Only the lines from the one holding "Bed and Breakfast" through the end of the records below are to be reproduced exactly, and pictures are to be omitted.
══ Provided information
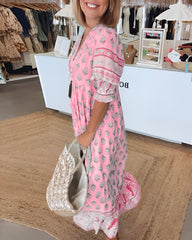 Élina™ | Radiant Summer Dress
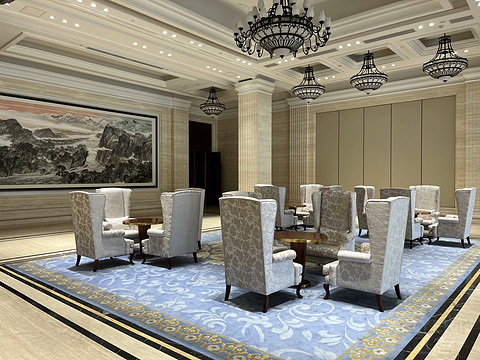 #初夏之旅#神秘国宾＆园林别墅——成都金牛宾馆初体验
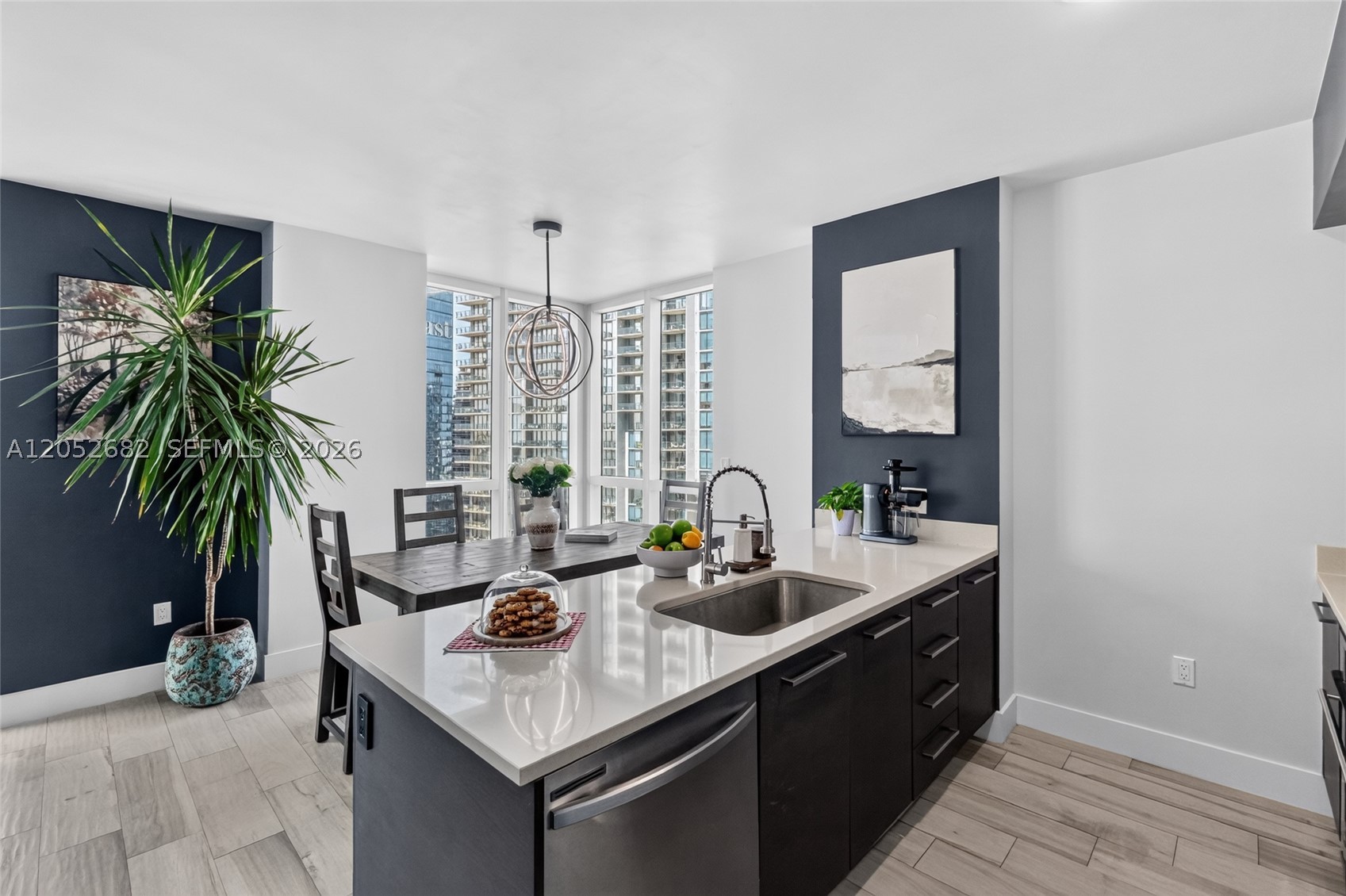 500 BRICKELL WEST CONDO - Residential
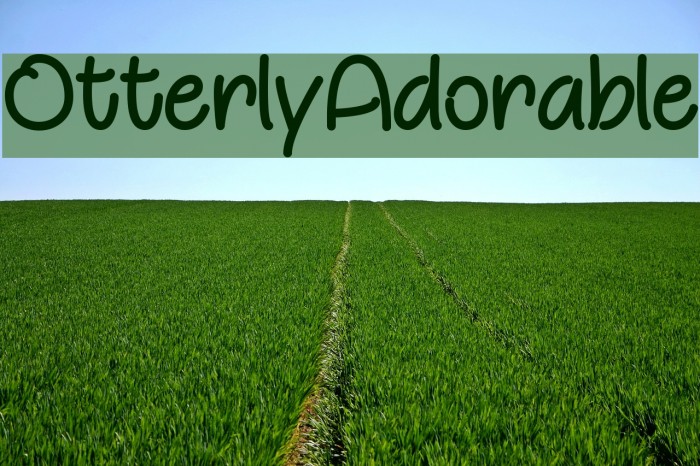 OtterlyAdorable Example 2
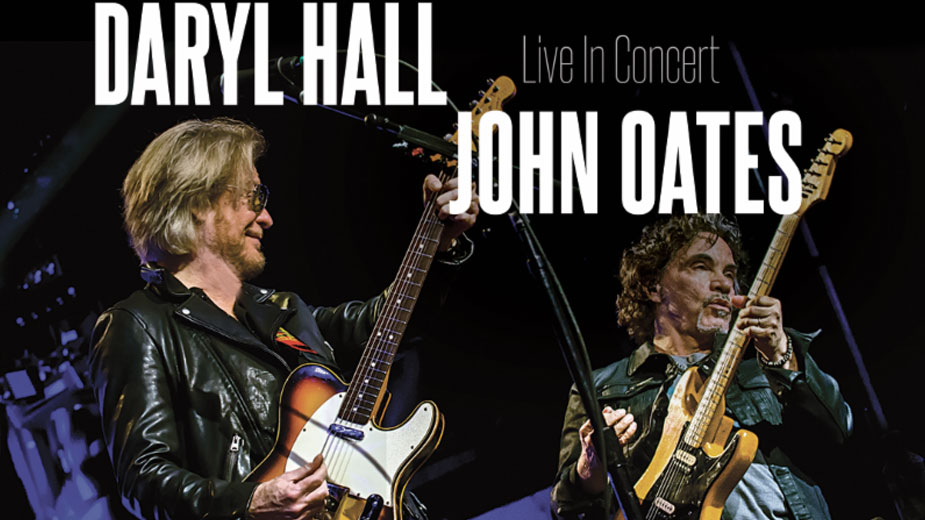 Classic Rock Here And Now JOHN OATES (HALL & OATES) LEGENDARY SINGER
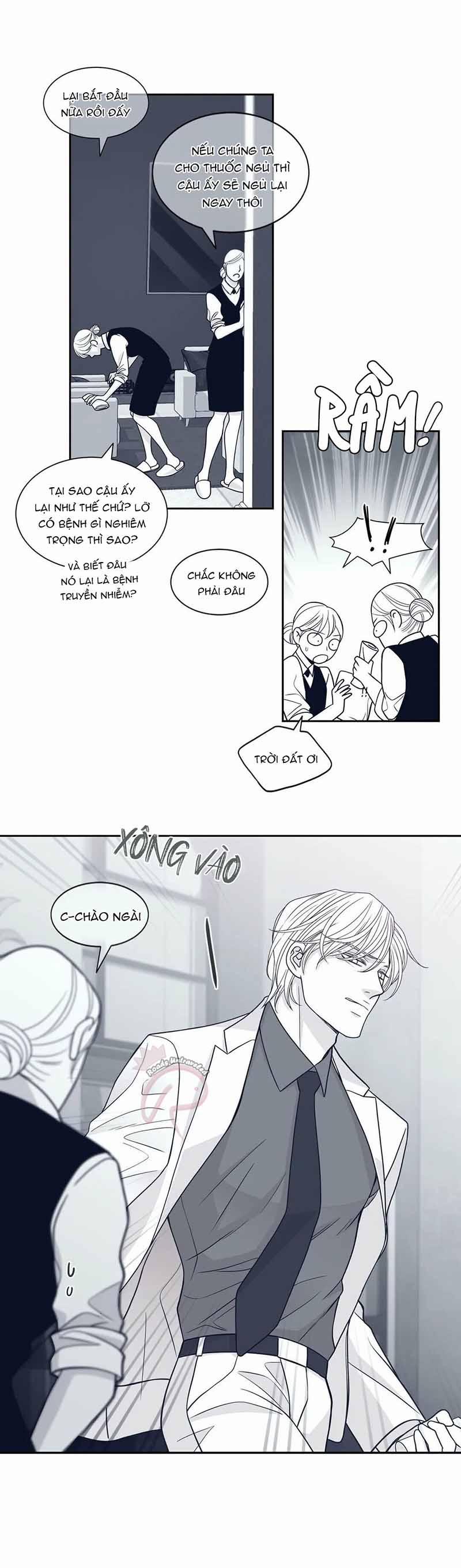 Rain Yêu Dấu 38 trang 21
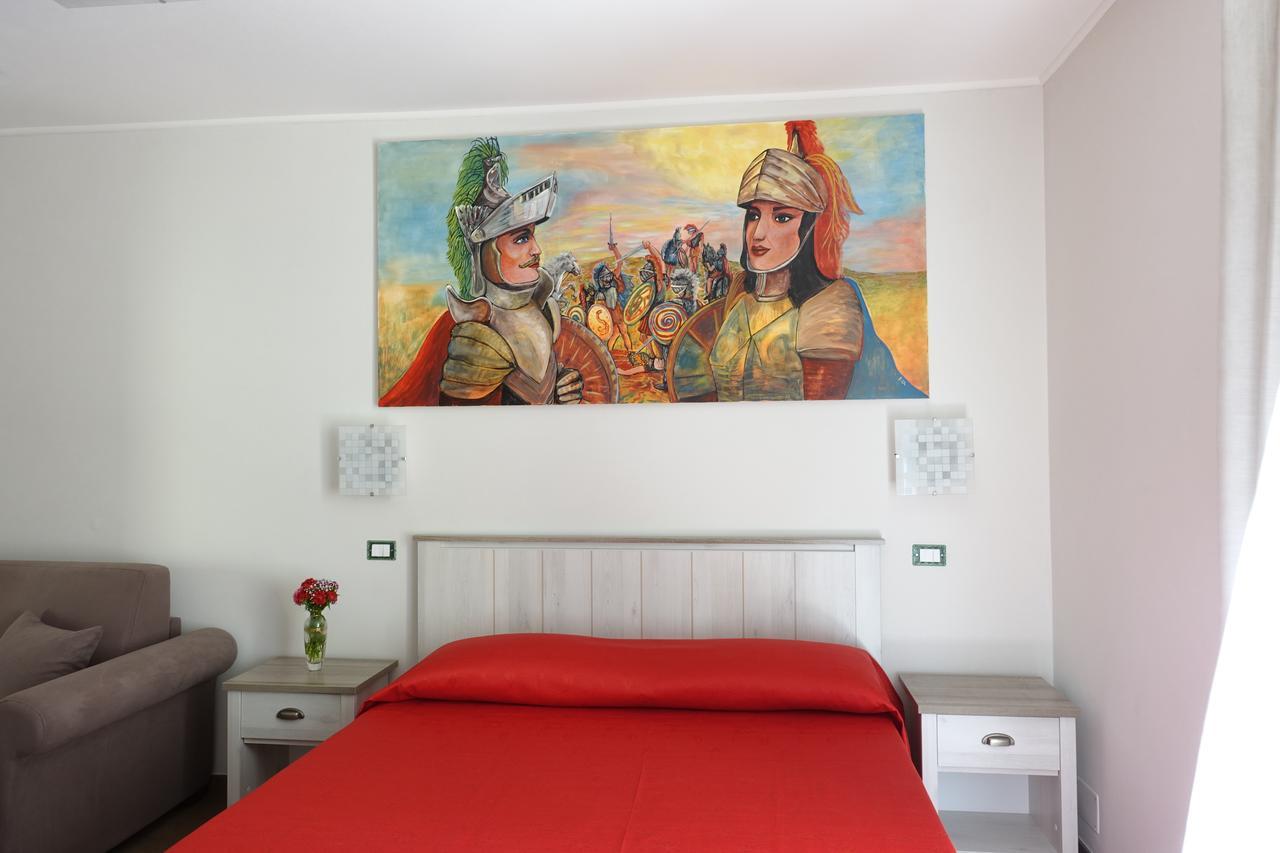 Bed and Breakfast Bb Opera Dei Pupi à Syracuse Extérieur photo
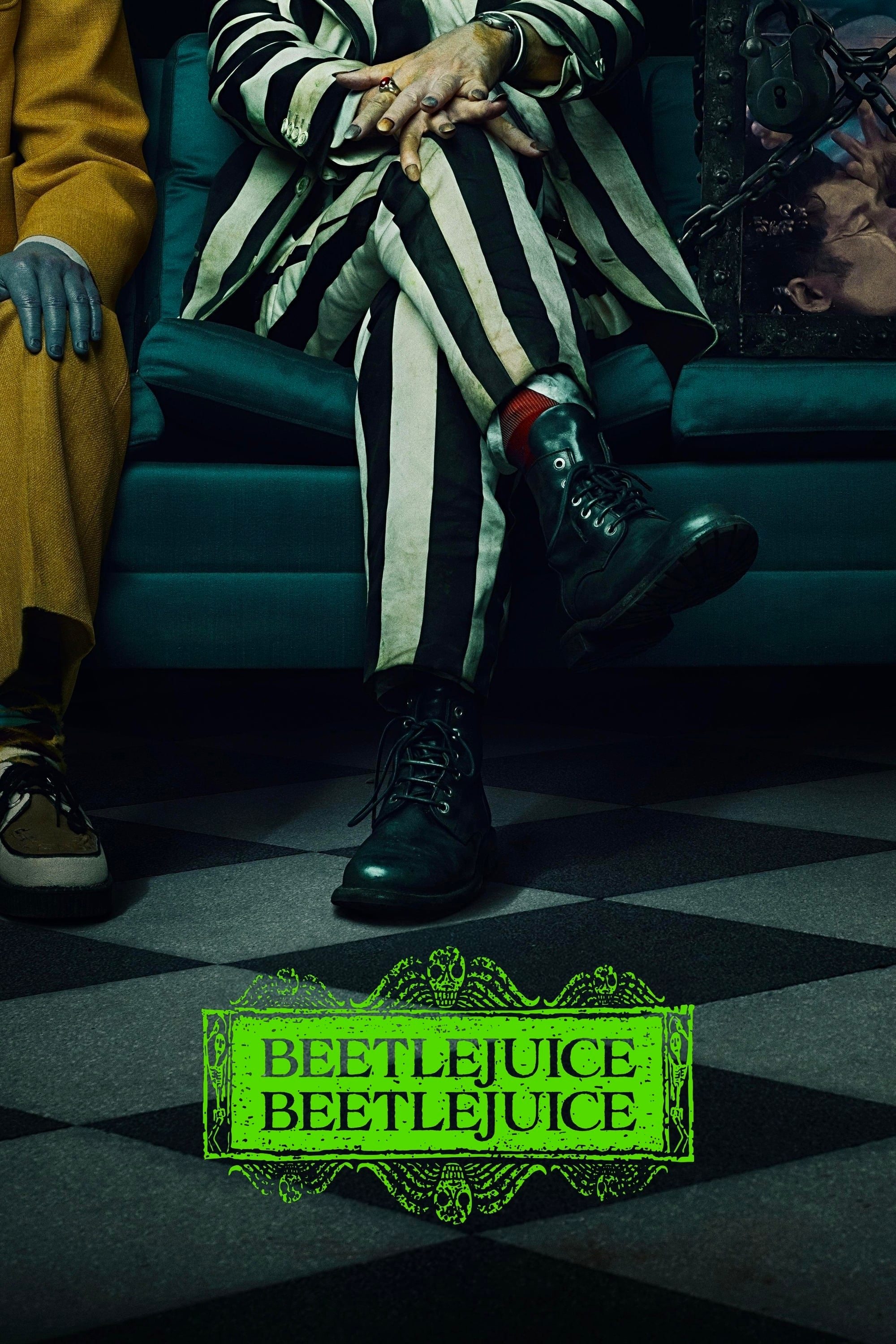 Beetlejuice Beetlejuice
════
Response
 Bed and Breakfast Bb Opera Dei Pupi à Syracuse Extérieur photo
 Beetlejuice Beetlejuice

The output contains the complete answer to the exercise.